__INFORMATION PROVIDED__:
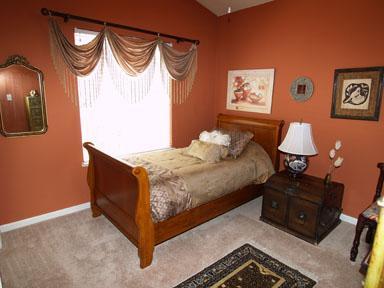 2616 Sagemill Dr, Modesto, CA 95355 photo 9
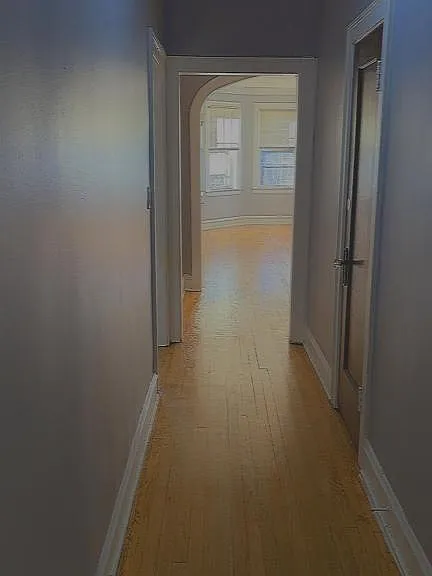 7759 S Kingston Ave — Photo 4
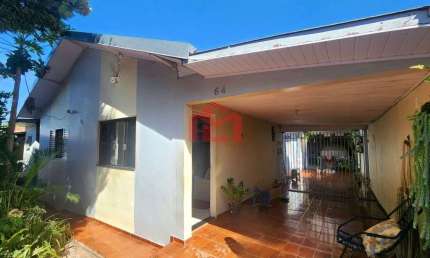 Casa com 7 quartos à venda no Jardim Custodio, Marialva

__TASK INSTRUCTIONS__:
Pictures stay out; everything else in the listing above gets repeated exactly.

__SOLUTION TO THE EXERCISE__:
 2616 Sagemill Dr, Modesto, CA 95355 photo 9
 7759 S Kingston Ave — Photo 4
 Casa com 7 quartos à venda no Jardim Custodio, Marialva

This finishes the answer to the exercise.